L'État, ce fantôme qui compte les morts en jouant avec nos vies

Port-au-Prince - C'est une nuit comme les autres, désormais. Une nuit haïtienne. Sous le ciel de Canaan, les balles tissent leur poésie macabre, pendant que dans les salons climatisés du pouvoir, on parle de "stabilité". Stabilité de quoi ? De la progression méthodique des gangs ? De l'hémorragie constante des innocents ? Fritz Alphonse Jean, ce Cassandre en costard, ose dire tout haut ce que la rue murmure dans la terreur : l'État est devenu un spectateur élégant, un comptable minutieux qui additionne les morts en sirotant son café.
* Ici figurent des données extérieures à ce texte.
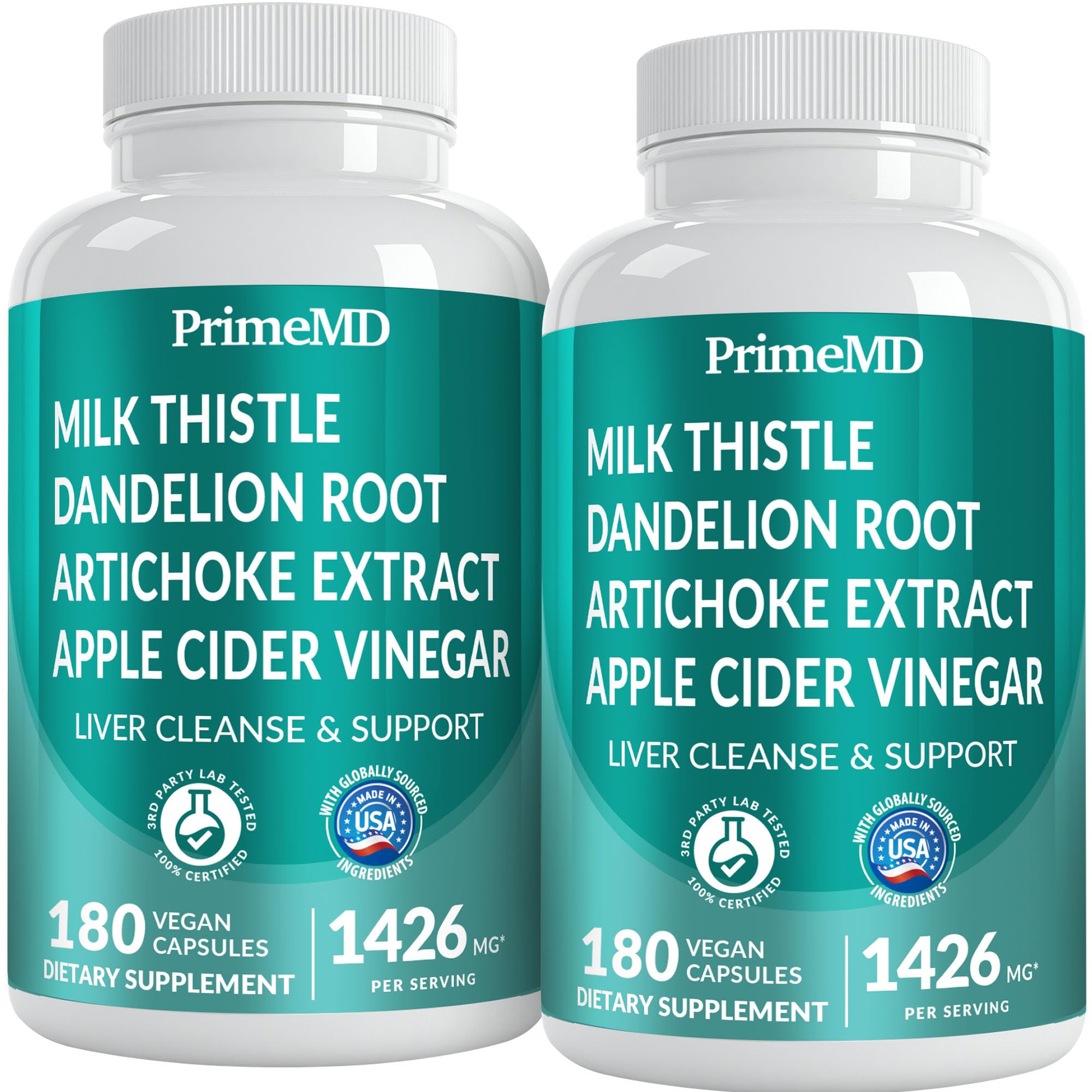 32-in-1 Liver Support Milk Thistle, Artichoke & Beetroot, 90ct | Liver Health and Wellness Support, Milk Thistle, Silymarin, Artichoke Extract and Beetroot, Liver Supplement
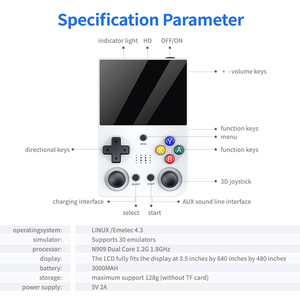 M21 pemutar permainan pintar 5G Android, layar sentuh 3.5 inci IPS klasik <span class=keywords><strong>Retro</strong></span> portabel - Product Image 5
Le budget "guerre" ? Un mirage, une farce cruelle, une coquille vide qui résonne du rire des armes. Regardez bien, mes frères, regardez ce miracle haïtien : on vote des milliards pour la sécurité, et pour résultat, on obtient des enfants qui apprennent à distinguer les calibres des armes avant même de savoir lire. On a des ministres qui parlent de "normalisation" pendant que des familles fuient sous une pluie d'obus, leurs vies tenues dans un sac plastique. Oh, la belle stabilité ! Celle qui permet aux gangs de s'organiser en entreprises florissantes, pendant que l'État s'enlise dans des réunions stériles. La belle capacité ! Celle qui transforme des quartiers entiers en champs de bataille, et des citoyens en réfugiés de l'absurde. Écoutez le poème surréaliste de notre réalité : d'un côté, les autorités qui peignent en rose une apocalypse ; de l'autre, Fritz Alphonse Jean qui ose rappeler que l'empereur est nu, que le roi est fou, que le pays saigne et que personne ne semble voir le sang. Quelle terrifiante comédie ! On nous vole notre sécurité, on pille nos espoirs, on assassine notre avenir - et pendant ce temps, le gouvernement distribue des médailles... à lui-même. Le plus révoltant dans cette tragédie ? Ce n'est pas la violence des gangs, non. C'est cette violence d'État, cette violence silencieuse, cette incapacité organisée, cette inertie mortifère qui nous regarde mourir en haussant les épaules. La nuit tombe sur Port-au-Prince. Quelque part à Pont Sondé, une balle perdue cherche un destin. Quelque part au Palais, un communiqué se prépare. Entre les deux, il y a tout un peuple qui attend. Qui attend quoi ? Un miracle ? Un sursaut ? Ou simplement que le théâtre de l'horreur ferme enfin ses portes ? Le sang est leur encre, la terreur leur langage, et nos vies... nos vies ne sont que le brouillon sur lequel ils écrivent leur échec.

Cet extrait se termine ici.